Outra iniciativa da Flex que vai além do foco em tecnologia, é o Programa de Incentivo à Educação (PROED), que subsidia até 100% dos cursos tecnólogo, graduação e pós-graduação ofertados por universidades parceiras reconhecidas pelo MEC. O programa foi iniciado no 2º semestre de 2014 e, desde então, participaram mais de mil profissionais. Atualmente, são oferecidos 140 cursos em diversas áreas, porém, o foco em TI será estimulado.

“Com essa oportunidade, a Flex cresce e desenvolve seu capital humano de forma coerente, consistente e sustentável. A possibilidade de crescimento dentro da Companhia se reflete em menores taxas de turnover e os resultados aparecem para nossos clientes, colaboradores e comunidade”, afirma Angela. A iniciativa reforçou a Política de Seleção Interna e de valorização dos profissionais da Flex, aumentando o volume de aprovados por seleção interna, se comparado com seleções externas.

Atualização constante

Áreas digitais precisam de atualização constante, porque em tempos de grandes investimentos em big data, aumentou em muito a quantidade de dados disponíveis para ajudar executivos a tomar decisões em seus negócios. Ainda assim, boa parte da liderança reclama que não tem acesso aos dados que realmente precisam de maneira completa, e atribui esse atraso, principalmente, à falta de talentos na área.

A inteligência artificial, impulsionada pelo crescimento das HRTechs no mundo todo, tem sido bastante utilizada para auxiliar no recrutamento das grandes empresas.
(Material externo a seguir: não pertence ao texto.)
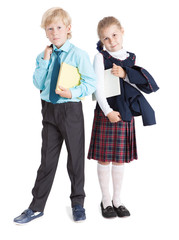 Two pretty pupils in school uniform stand full-length with books in hands, isolated on white background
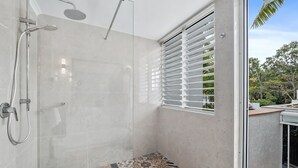 Une salle de bain moderne avec une douche, des murs carrelés et une fenêtre équipée de stores.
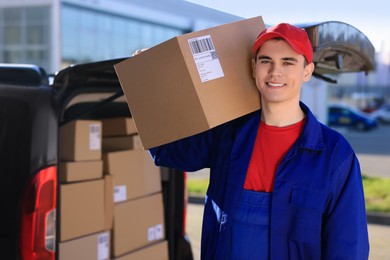 Courier with parcel near delivery van outdoors, space for text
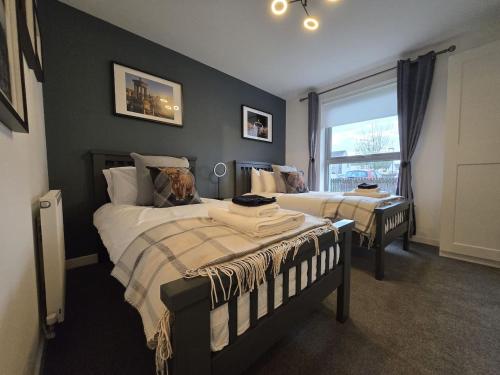 een slaapkamer met twee bedden en een raam bij Modern Stirling Apartment - Free Parking in Stirling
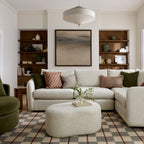 Living room with a beige Carnaby Corner Sofa & Pebble Footstool In Soft Boucle Oatmeal Fabric sofa, With Decorative Pillows.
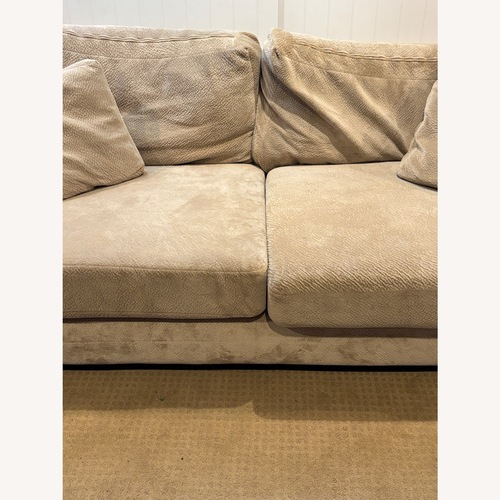 Used Large Beige Microfiber Sofa w Matching Ottoman for sale on AptDeco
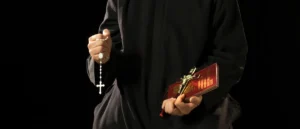 The image shows a person in a black robe holding a rosary in one hand and a book with a crucifix on the cover in the other.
Mas os benefícios dos algoritmos para a gestão de recursos humanos nas corporações transcendem a etapa de seleção, e urgem alcançar um processo ainda mais estratégico para as companhias: a formação e a retenção de talentos. A análise é de Susana Falchi, CEO da HSD Consultoria em RH e criadora do PSIT, App que mapeia percepções para autodesenvolvimento dos colaboradores.  “A tecnologia leva a correções de rota que tornam o desenvolvimento do indivíduo mais leve, mais dinâmico e mais maduro”, diz.

Mas um dos maiores problemas para formação e retenção de talentos na área digital é a desconexão geográfica de onde se forma e onde se demanda. Obstáculo que a Neurotech conseguiu solucionar graças à proximidade com as universidades, conforme explica Rodrigo Cunha, diretor da empresa que fica abrigada no Porto Digital, em Recife (PE). “Fica mais fácil recrutar talentos diretamente de dentro das salas de aula”, diz.
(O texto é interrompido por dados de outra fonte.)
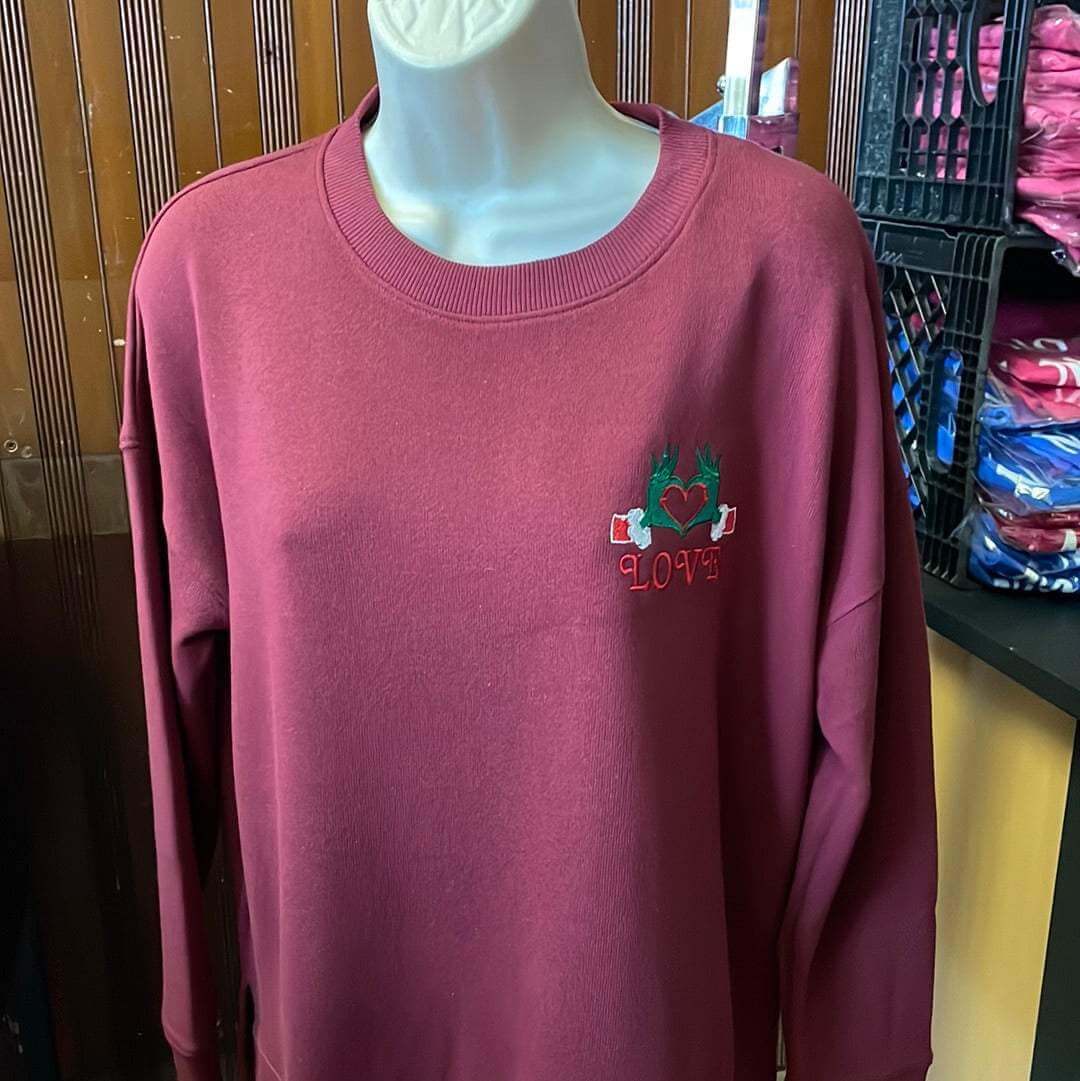 Festive Christmas Red Sweater with embroidered Grinch hands and heart design on cotton blend fabric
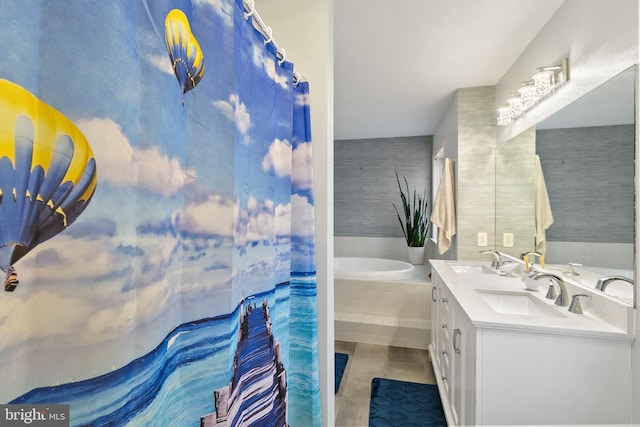 bathroom featuring tiled bath and vanity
Mas as universidades conseguem suprir apenas 25% dessa demanda, segundo a Brasscom. E ainda existe outro problema: os currículos das instituições de formação estão atrasados em relação à velocidade de avanço da tecnologia, que se atualiza permanentemente.

Os currículos, por sua vez, têm certa rigidez nos seus processos, principalmente os de ensino superior. Há um engessamento que não permite essa atualização de acordo com o que o mercado está exigindo.

Mudança de carreira

Esse quadro tem levado muita gente a buscar qualificação fora das universidades para mudar de carreira, conforme destaca Felipe Ferraz, coordenador do curso e head de Cloud Computing da CESAR School. O aumento da procura de pessoas interessadas em fazer essa transição, fez a escola de inovação do CESAR remodelar o seu curso de extensão NEXT – Nova Experiência no Trabalho, que antes era voltado para profissionais em busca de atualização, que já tinham experiência em TI.
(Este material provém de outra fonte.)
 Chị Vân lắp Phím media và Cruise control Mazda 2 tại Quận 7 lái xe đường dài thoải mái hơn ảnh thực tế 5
Atenta à demanda de mercado, a instituição incluiu na grade curricular uma disciplina preparatória com foco em Introdução à lógica de programação e pensamento computacional para quem deseja mudar de carreira e ingressar na área de TIC.

Isso porque o próprio centro sente na pela o apagão de um dos países que menos forma profissionais na área de tecnologia, engenharia e matemática –  apenas 17% das matrículas nas universidades brasileiras são em cursos do segmento – o que coloca o país atrás até de outras economias em desenvolvimento, como China (40%) e Índia (35%). “Temos mas de 100 vagas abertas em tecnologia que incluem jornada flexível e homeoffice”, diz a gerente de Gente e Gestão do CESAR, Andrea Queiroz.

A empresa busca desenvolvedores de sistemas em todos os níveis para os cargos como engenharia de testes, de software e UX designer. Os candidatos devem possuir graduação superior em Ciência da Computação, Engenharia da computação, Sistemas de Informação e áreas afins.